Rispetto ai tirocini extra-curricolari, invece, la proposta prevede di inserire l'obbligo di retribuzione per gli stagisti. La paga dovrà essere in linea con il salario minimo del Paese membro dove lo stage viene attivato, o, comunque allineata con gli importi minimi fissati dai contratti collettivi di riferimento per il settore nel quale opera l’azienda o l’ente che ospita il tirocinante. Inoltre, in base a quanto previsto dal progetto normativo dovrà essere garantito l’accesso alla protezione sociale e ai diritti pensionistici così come all’assicurazione sanitaria, all’indennità di disoccupazione e alle ferie retribuite.  Infine, il tirocinio dovrà avere una durata minima di 1 mese e massima di 6 mesi, con possibilità di rinnovo solo entro certi limiti, in modo da "impedire che i giovani siano costretti a passare da un tirocinio all’altro per anni, senza reali prospettive lavorative", come sottolineato dalla Commissione Occupazione e affari sociali (Empl) del Parlamento europeo entro la quale è stata sviluppata la proposta. 

 

Quale la situazione in Italia e quali le possibili implicazioni della nuova norma comunitaria?

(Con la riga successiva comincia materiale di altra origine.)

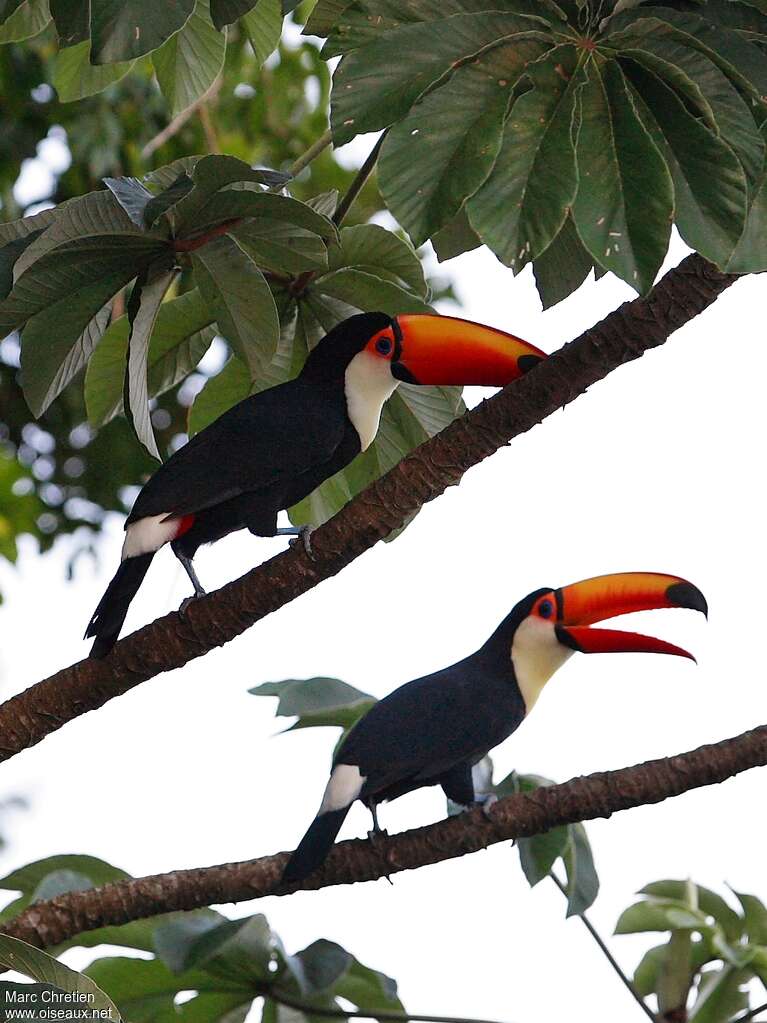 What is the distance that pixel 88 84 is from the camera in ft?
7.54

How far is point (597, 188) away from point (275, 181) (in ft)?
1.61

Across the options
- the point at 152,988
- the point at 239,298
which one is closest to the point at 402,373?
the point at 239,298

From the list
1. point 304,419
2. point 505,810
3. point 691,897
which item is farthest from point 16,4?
point 691,897

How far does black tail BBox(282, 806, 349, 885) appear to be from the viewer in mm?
1810

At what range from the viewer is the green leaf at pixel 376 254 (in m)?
2.06

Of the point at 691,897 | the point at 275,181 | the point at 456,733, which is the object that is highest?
the point at 275,181

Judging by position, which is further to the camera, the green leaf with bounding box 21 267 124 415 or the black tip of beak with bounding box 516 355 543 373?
the black tip of beak with bounding box 516 355 543 373

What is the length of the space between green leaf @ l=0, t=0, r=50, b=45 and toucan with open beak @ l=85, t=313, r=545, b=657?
717 mm

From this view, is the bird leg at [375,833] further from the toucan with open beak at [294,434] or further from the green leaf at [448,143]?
the green leaf at [448,143]

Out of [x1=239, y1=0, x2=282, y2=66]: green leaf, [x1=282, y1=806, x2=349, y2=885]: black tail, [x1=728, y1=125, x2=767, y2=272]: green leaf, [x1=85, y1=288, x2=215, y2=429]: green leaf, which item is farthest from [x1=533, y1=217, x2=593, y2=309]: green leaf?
[x1=282, y1=806, x2=349, y2=885]: black tail

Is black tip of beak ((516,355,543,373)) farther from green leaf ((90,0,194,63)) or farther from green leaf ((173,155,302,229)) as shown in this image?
green leaf ((90,0,194,63))

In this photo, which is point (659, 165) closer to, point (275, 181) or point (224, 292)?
point (275, 181)

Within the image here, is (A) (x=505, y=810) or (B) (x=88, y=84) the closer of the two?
(A) (x=505, y=810)

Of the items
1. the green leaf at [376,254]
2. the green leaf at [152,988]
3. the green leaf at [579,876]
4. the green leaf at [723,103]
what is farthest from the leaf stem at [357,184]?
the green leaf at [152,988] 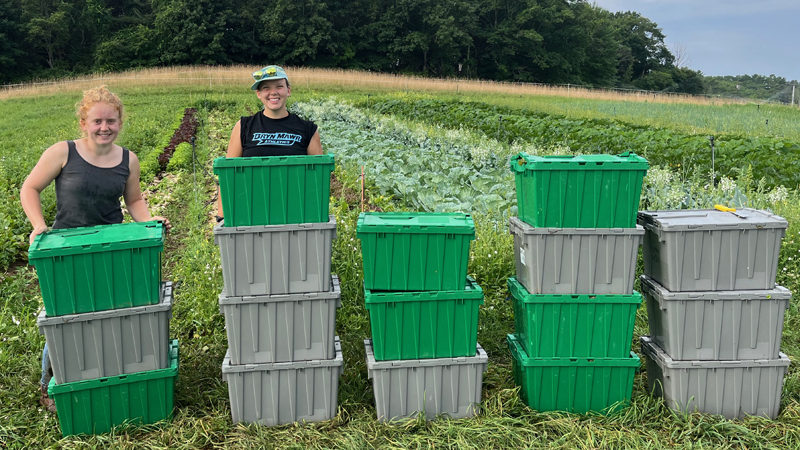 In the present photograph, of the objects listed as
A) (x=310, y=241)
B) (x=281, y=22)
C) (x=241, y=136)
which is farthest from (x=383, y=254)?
(x=281, y=22)

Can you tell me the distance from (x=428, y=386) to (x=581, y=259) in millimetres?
1334

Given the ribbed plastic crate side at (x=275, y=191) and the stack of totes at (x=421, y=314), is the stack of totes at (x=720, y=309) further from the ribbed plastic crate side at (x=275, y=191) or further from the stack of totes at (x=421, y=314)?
the ribbed plastic crate side at (x=275, y=191)

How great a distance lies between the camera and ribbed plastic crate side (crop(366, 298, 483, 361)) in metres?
3.81

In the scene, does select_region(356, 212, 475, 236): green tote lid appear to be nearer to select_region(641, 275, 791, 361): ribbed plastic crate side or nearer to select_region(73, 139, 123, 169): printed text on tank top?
select_region(641, 275, 791, 361): ribbed plastic crate side

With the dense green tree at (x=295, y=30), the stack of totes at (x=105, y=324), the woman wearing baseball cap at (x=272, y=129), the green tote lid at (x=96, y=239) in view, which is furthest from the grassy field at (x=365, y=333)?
the dense green tree at (x=295, y=30)

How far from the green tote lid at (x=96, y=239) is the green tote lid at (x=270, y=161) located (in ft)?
1.94

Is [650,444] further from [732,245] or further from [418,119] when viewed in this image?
[418,119]

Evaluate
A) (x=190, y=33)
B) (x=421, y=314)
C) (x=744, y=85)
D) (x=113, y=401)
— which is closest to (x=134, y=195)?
(x=113, y=401)

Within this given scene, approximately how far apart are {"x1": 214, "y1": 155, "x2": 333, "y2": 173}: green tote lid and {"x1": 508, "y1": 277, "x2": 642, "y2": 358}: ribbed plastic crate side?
165cm

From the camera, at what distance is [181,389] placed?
4266 mm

Innanzitutto, occorre sempre tenere a mente che l’operato e le iniziative delle istituzioni europee (Parlamento e Commissione in questo caso) si inseriscono in un contesto estremamente frastagliato e dalle molteplici sfaccettature nazionali. L’obiettivo ultimo, dunque, vuole essere quello di stabilire dei valori minimi, degli standard comunitari che consentano di garantire in ciascuno Stato quelli che potremmo definire dei livelli essenziali. Nulla vieta poi ai singoli contesti nazionali di definire elementi ulteriori di salvaguardia e di tutela.

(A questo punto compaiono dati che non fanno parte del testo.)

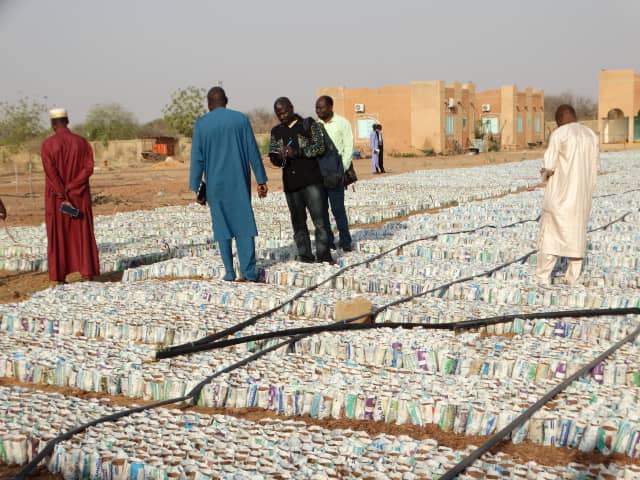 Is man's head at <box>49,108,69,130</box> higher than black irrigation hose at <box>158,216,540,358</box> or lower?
higher

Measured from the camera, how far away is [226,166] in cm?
641

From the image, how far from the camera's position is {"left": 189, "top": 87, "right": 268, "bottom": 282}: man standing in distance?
20.9 feet

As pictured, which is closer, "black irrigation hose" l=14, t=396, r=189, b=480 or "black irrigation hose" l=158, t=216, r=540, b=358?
"black irrigation hose" l=14, t=396, r=189, b=480

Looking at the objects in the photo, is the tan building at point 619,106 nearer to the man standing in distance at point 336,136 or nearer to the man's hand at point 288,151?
the man standing in distance at point 336,136

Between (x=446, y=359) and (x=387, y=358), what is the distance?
Answer: 0.34 metres

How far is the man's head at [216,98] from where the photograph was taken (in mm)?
6352

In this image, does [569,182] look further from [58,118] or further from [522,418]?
[58,118]

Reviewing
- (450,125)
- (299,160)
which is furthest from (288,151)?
(450,125)

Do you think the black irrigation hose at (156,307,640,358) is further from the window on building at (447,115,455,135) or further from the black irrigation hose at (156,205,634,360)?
the window on building at (447,115,455,135)

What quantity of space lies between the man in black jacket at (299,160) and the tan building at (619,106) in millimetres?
39357

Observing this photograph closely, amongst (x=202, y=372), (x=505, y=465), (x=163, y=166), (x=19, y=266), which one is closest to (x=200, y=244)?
(x=19, y=266)

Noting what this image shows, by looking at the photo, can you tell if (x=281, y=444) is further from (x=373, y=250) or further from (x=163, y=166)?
(x=163, y=166)

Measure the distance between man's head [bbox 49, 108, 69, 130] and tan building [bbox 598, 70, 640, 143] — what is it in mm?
Answer: 40310

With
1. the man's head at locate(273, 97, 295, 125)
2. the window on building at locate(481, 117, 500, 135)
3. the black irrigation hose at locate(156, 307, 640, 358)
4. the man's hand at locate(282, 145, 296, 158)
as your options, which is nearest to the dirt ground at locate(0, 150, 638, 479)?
the black irrigation hose at locate(156, 307, 640, 358)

In Italia i tirocini retribuiti sono gestiti a livello regionale e il rimborso minimo non può essere inferiore a 300 euro al mese, come stabilito dalle linee guida previste dalla Riforma Fornero del 2013. Tuttavia, questo importo varia significativamente da regione a regione, con alcune che offrono un rimborso minimo più elevato: ad esempio,  in Abruzzo e Piemonte la soglia è stabilita a 600, per salire fino a 800 euro nel Lazio. Viceversa, in Sicilia o nella Provincia Autonoma di Trento viene garantito il minimo di legge. Differenze che, come facilmente intuibile, danno luogo a un accesso ineguale allo strumento e causano discrepanze che in alcuni casi possono essere significative, inficiando la scelta di dove svolgere un tirocinio.

Le principali novità, qualora la nuova normativa vedesse la luce, sarebbero quindi sostanzialmente due per il nostro Paese: da una parte l’introduzione di una sorta di rimborso spese per i tirocini curricolari che copra le “spese vive” che altrimenti sarebbero a carico dello studente e, dall’altra parte, permettere di avere un livello minimo di retribuzione variabile non tanto per mere questioni geografiche bensì per eventuali differenze di settore all’interno del quale opera l’azienda. A questo proposito, si aggiunge poi una questione di non poco conto, ovvero un presumibile incremento della retribuzione garantita dato che i contratti collettivi generalmente assicurano salari più alti rispetto ai soli 300 euro mensili oggi previsti dalla normativa in materia.

Un’ultima questione, infine, già accennata all’inizio. L’iter prevede che il testo predisposto nei prossimi mesi dalla Commissione Europea venga votato dal Parlamento in sessione plenaria, per poi essere negoziato con i governi dei 27 Stati membri. In base alle indiscrezioni trapelate da Bruxelles si dovrebbe arrivare alla fatidica votazione indicativamente verso giugno, mese nel quale si svolgeranno le elezioni per il rinnovamento del Parlamento. Si apre dunque un tema di passaggio di consegne non trascurabile dato che è abbastanza remota la possibilità che sia la composizione uscente a votare sulla materia.

Occorrerà dunque essere vigili affinché la proposta non venga “persa” durante la fase di passaggio, nonché auspicare che la nuova composizione di europarlamentari si esprima in maniera favorevole.